A Polícia Civil do Piauí , por meio da Delegacia Especializada de Crimes Contra a Ordem Tributária, Econômica e Contra as Relações de Consumo, indiciou a funcionária Priscila Adelina de Farias e a empresa Facilite Prestação de Serviços de Cadastros LTDA (CNPJ: 07.610.805/0001-64), por propaganda enganosa, cometida através do golpe do empréstimo contra um policial militar. Em relatório concluído no dia 09 de setembro, a delegada Marcela Sampaio Lira concluiu que foi feito um contrato fraudulento com a vítima, que prometia condições vantajosas, mas induziu o cliente ao erro.
Narra a denúncia que a funcionária entrou em contato com a vítima e se apresentou como representante da empresa Facilite Consignado. Ela empréstimo ao policial, que disse não estar interessado. Entretanto, ele foi convencido que estava autorizando a redução de juros e melhoria das condições de empréstimos consignados já existentes através da portabilidade para a Caixa Econômica Federal. A promessa era de uma redução no valor de R$ 358,00 (trezentos e cinquenta e oito reais) do custo mensal com os empréstimos, além da devolução de R$ 5.480 (cinco mil, quatrocentos e oitenta reais).
Com isso, a vítima foi convencida a assinar esse contrato acreditando que estava fazendo um bom negócio, pois na documentação enviada pela empresa, foi formalizada a contratação de um valor adicional (“troco”), de R$ 5.800,00 (cinco mil e oitocentos reais). Mas logo depois, ele foi surpreendido com novos descontos no seu contracheque. Isso porque, além de não fazer a portabilidade dos empréstimos para a Caixa Econômica, foi feita a contratação de um novo empréstimo.
Aumento nos descontos do contracheque
A contratação resultou no aumento de R$ 358,66 (trezentos e cinquenta e quatro reais) em descontos na folha de pagamento, dividido em 96 parcelas que totalizam R$ 34.431,36 (trinta e quatro mil, quatrocentos e trinta e um reais e trinta e seis centavos). O policial ainda disse que além dele, outros colegas também caíram no golpe de Priscila Adelina.
Em contato com a Caixa Econômica Federal, a instituição bancária confirmou a autenticidade do contrato, mas que não houve a efetivação da portabilidade porque o cliente solicitou o cancelamento.
A investigada confirmou que entrou em contato com o policial e ofertou diferentes propostas, e que a opção escolhida por ele era para liberação de R$ 5.800,00 de crédito, achando que não haveria custo mensal. Entretanto, Priscila Adelina reconheceu que o valor cobrado a mais nas parcelas correspondia à liberação desse valor.
Induziu cliente ao erro
Na avaliação da delegada Marcela Sampaio Lira, o uso da palavra “troco” no contrato foi intencional para fazer com que a vítima acreditasse que estava fazendo uma operação vantajosa. “Fica claro, portanto, que a percepção do consumidor foi a de contratar uma operação neutra ou benéfica (redução de juros), mas na realidade, houve contratação de novo empréstimo com custos adicionais, em evidente induzimento em erro. A constante utilização da palavra ‘troco’ em lugar de novo empréstimo deixa evidente a tentativa de ludibriação”, descreveu a delegada.

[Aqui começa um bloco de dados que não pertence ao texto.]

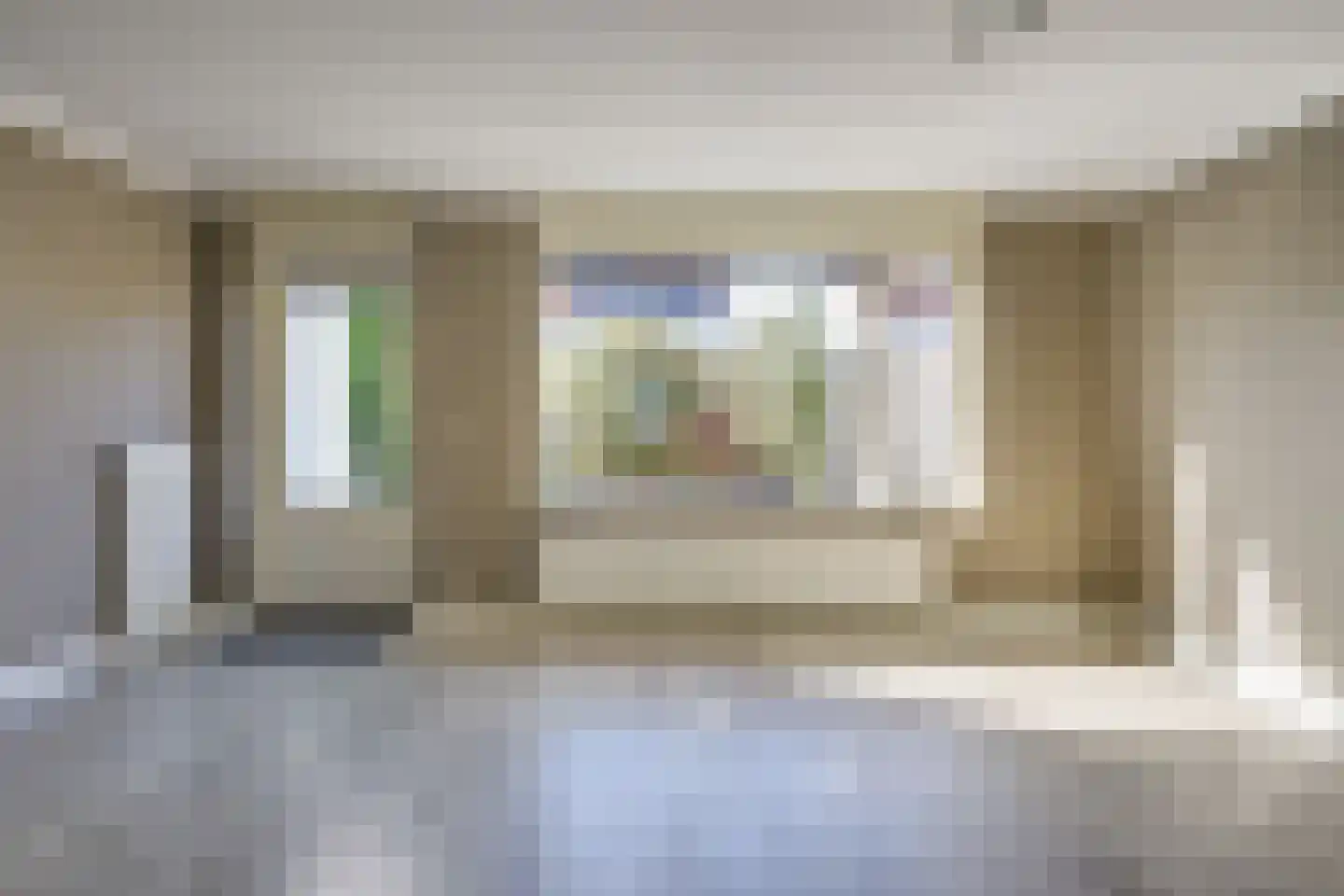 Janssen & Fritsenplein 2 Helmond thumbnail 13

Por essa razão, a funcionária e a empresa, responsável pela operação irregular, foram indiciadas por publicidade enganosa por omissão.
Outro lado
Procurados pelo GP1 , Priscila Adelina e a Facilite Prestação de Serviços de Cadastros LTDA não foram localizados para comentar o caso. O espaço segue aberto para esclarecimentos.